Printers such as those used in office automation equipment are furnished with a line-feed motor for automatic performance of the line-feed operation. When a line feed is to be made, the line-feed motor receives, on command from the host controller, pulses to cause it to rotate through an angle corresponding to the distance the medium is to be fed. Driven by these pulses, the motor rotates and thereby feeds the printing medium by the commanded amount. After the line-feed operation, the line-feed motor is held by a certain holding torque, which is selected so as to prevent the printing medium from being moved by outside forces, but to permit the printing medium to be fed manually by the operator. This torque is on the order of 1/5 to 1/10 of the torque used to feed the printing medium, the exact value depending on the particular line-feed motor.
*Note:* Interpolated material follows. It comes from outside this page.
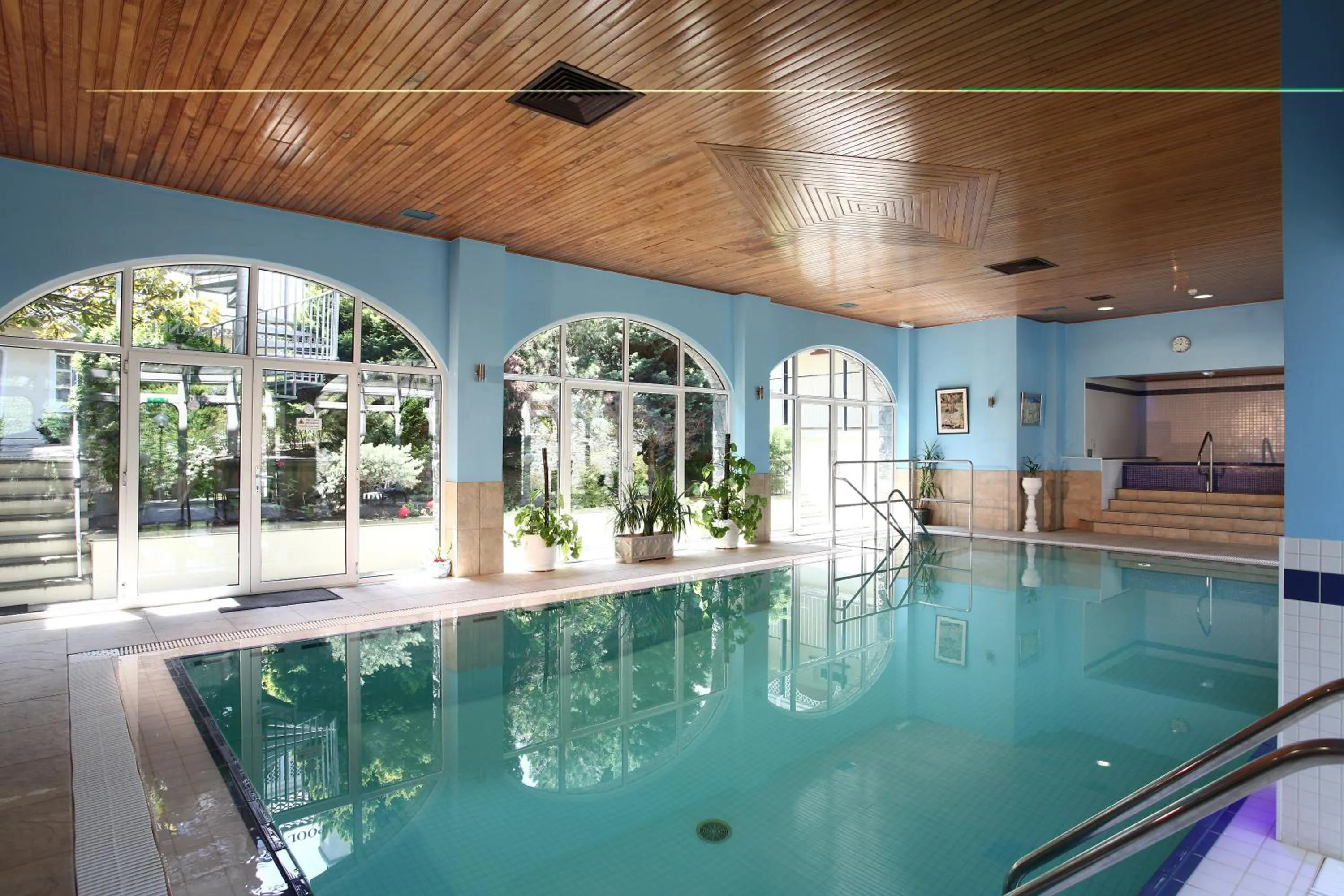 Swimming pool in Best Western Hotel de Havelet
A block diagram of the printer's circuit configuration is shown in FIG. 1. The microprocessor (.mu.CPU) 1 communicates via an address/data bus 2 with a read-only memory (ROM) 3 and a random-access memory (RAM) 4 which it uses to control the printer's operation. The driver circuit 5 causes the line-feed motor 6 to rotate or to hold. The interface controller 7 receives commands from a host controller and sends printer information to the host via the interface connector 8.
FIG. 2 shows a specific example of the circuit configuration of the driver 5 in FIG. 1. This circuit is well known, so a detailed explanation is omitted. It comprises a register 5a which receives timing signals from the microprocessor 1 and produces control signals OVDV, .phi.1, .phi.2, .phi.3 and .phi.4. These control signals are supplied through open-collector drivers D0 and D1 to D4 to the bases of transistors T0a and T1 to T4a whose emitters are grounded. The collector of the transistor T0a is coupled to the base of an additional transistor T0b whose emitter is connected to a over-voltage drive power supply Vp(e.g., 38 V). The collector of the transistor T0b is connected to center taps of stator windings 6a, 6b of line-feed motor 6. The ends of the windings 6a, 6b are connected to the collectors of the transistors T1 to T4. The center taps of the windings 6a, 6b are also coupled through a diode 10 and a resistor 9 to the logic-level power supply Vcc.
At the beginning of each cycle for each step, the open-collector driver D0, the transistors T0a and T0b are made conductive by the control signal OVDV, and the over-drive power supply Vp is connected to the stator windings through the transistors T0b. When the transistor T0b is nonconductive, the power supply Vcc of a lower voltage supplies current to the stator windings 6a, 6b. This current produces holding torque when periodic and sequential alternation of the signals .phi.1 to .phi.4 are terminated.
In the prior art shown in FIGS. 1 and 2 the printer operates as follows. When the interface controller 7 receives print data from the host via the interface connector 8, the microprocessor 1 first stores the data in the RAM 4. When the data for a line feed (or carriage return) are received, the printer prints one line of data by means of a print head and spacing mechanism not shown in the drawings. Then, if a line feed is to be performed, the signals .phi.1 to .phi.4 are alternated in sequence. The overdrive voltage Vp is applied in the first part of each cycle for each step. In the latter part of each cycle for each step, a lower voltage Vcc is applied. The voltages are used for rotating the line-feed motor 6. Thus the line-feed motor 6 is driven to feed the printing medium by the predetermined amount.
After the line-feed operation, the alternation of the signals .phi.1 to .phi.4 is terminated and the states of the signals .phi.1 to .phi.4 at the time of the termination of the alternation of the signals .phi.1 to .phi.4 are maintained. That is, two of the signals .phi.1 to .phi.4 that are at the high level at the time the alternation is terminated are kept high and the other two of the signals .phi.1 to .phi.4 that are at the low level at the time the alternation is terminated are kept low. As a result, a holding torque is generated in the line-feed motor 6 by the current which flows from the power supply Vcc through the resistor 9 and the diode. The holding torque prevents the printing medium from being moved by external forces.
In the line-feed motor control method described above, a problem arises because the motor has only two torques: the small holding torque that permits the operator to perform manual feeding, and the large torque by which the line-feed motor performs the feeding operation. During the time between one line-feed operation and the next (while the printer is spacing and printing), friction and other large load fluctuations that arise may overcome the small holding torque, leading to step-out.